所有应用进程以及其他一些native进程都会system_server通信,有很多API接口的内部实现涉及到linkToDeath使用,某些应用滥用公开接口引发Global reference数量过多而导致系统重启的问题。从Android 9.0开始,在native层中保存每个uid下所有的Binder Proxy记录,从而可以定位哪个应用滥用并将其杀掉,以保证系统的健壮性和可靠性。对于此类滥用的行为会打印如下日志:

Killing 15015:com.gityuan.appdemo/u0a176 (adj 0): Too many Binders sent to SYSTEM

比如在Android 6.0的原生版本,App中不断调用AppOpsManager的startWatchingMode()就能导致手机重启,小米手机早已修复这个问题。当前从Android 9.0版本开始,Google原生系统刚解决此类问题。

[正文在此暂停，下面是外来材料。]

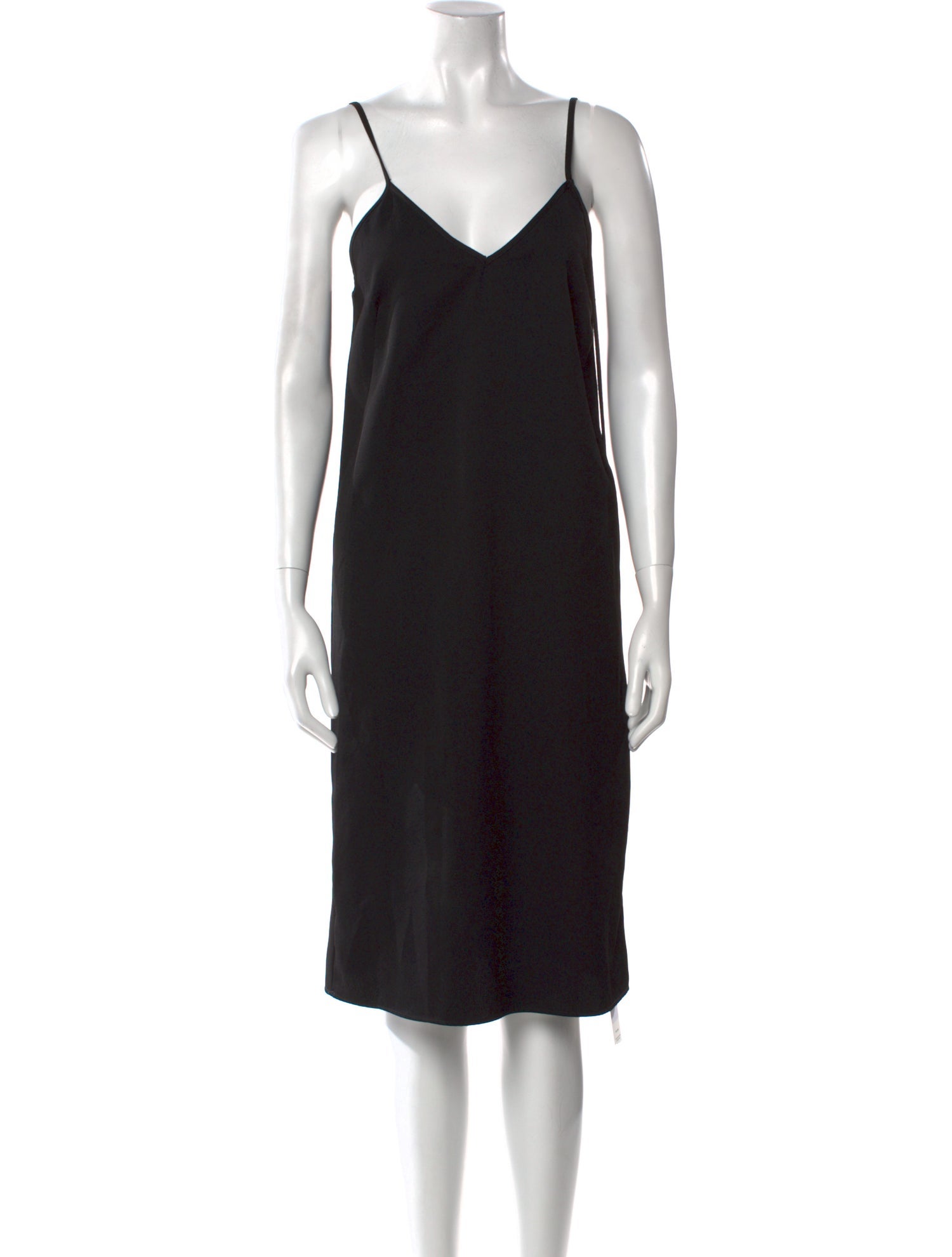 MM6 Maison Margiela V-Neck Knee-Length Dress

3.3.1 setBinderProxyCountCallback

[-> ActivityManagerService.java]

public void systemReady(final Runnable goingCallback, TimingsTraceLog traceLog) {
    ...
    synchronized (this) {
        //【小节3.3.2】
        BinderInternal.nSetBinderProxyCountWatermarks(6000,5500);
        //【小节3.3.3】
        BinderInternal.nSetBinderProxyCountEnabled(true);
        //【小节3.3.4】
        BinderInternal.setBinderProxyCountCallback(
            new BinderInternal.BinderProxyLimitListener() {
                @Override
                public void onLimitReached(int uid) {
                    Slog.wtf(TAG, "Uid " + uid + " sent too many Binders to uid "
                            + Process.myUid());
                    if (uid == Process.SYSTEM_UID) {
                        Slog.i(TAG, "Skipping kill (uid is SYSTEM)");
                    } else {
                        //当触发水线,则杀掉发送Binder请求过多的进程
                        killUid(UserHandle.getAppId(uid), UserHandle.getUserId(uid),
                                "Too many Binders sent to SYSTEM");
                    }
                }
            }, mHandler);
    }
    ...
}

3.3.2 nSetBinderProxyCountWatermarks

[-> android_util_Binder.cpp]

static void android_os_BinderInternal_setBinderProxyCountWatermarks(JNIEnv* env, jobject clazz,
                                                                    jint high, jint low)
{
    BpBinder::setBinderProxyCountWatermarks(high, low); //【见下文】
}

[-> BpBinder.cpp]

uint32_t BpBinder::sBinderProxyCountHighWatermark = 2500;
uint32_t BpBinder::sBinderProxyCountLowWatermark = 2000;

void BpBinder::setBinderProxyCountWatermarks(int high, int low) {
    AutoMutex _l(sTrackingLock);
    sBinderProxyCountHighWatermark = high;
    sBinderProxyCountLowWatermark = low;
}

每个进程默认的Binder代理数量的水线区间为[2000,2500],对于system_server进程的水线区间为[5500,6000]。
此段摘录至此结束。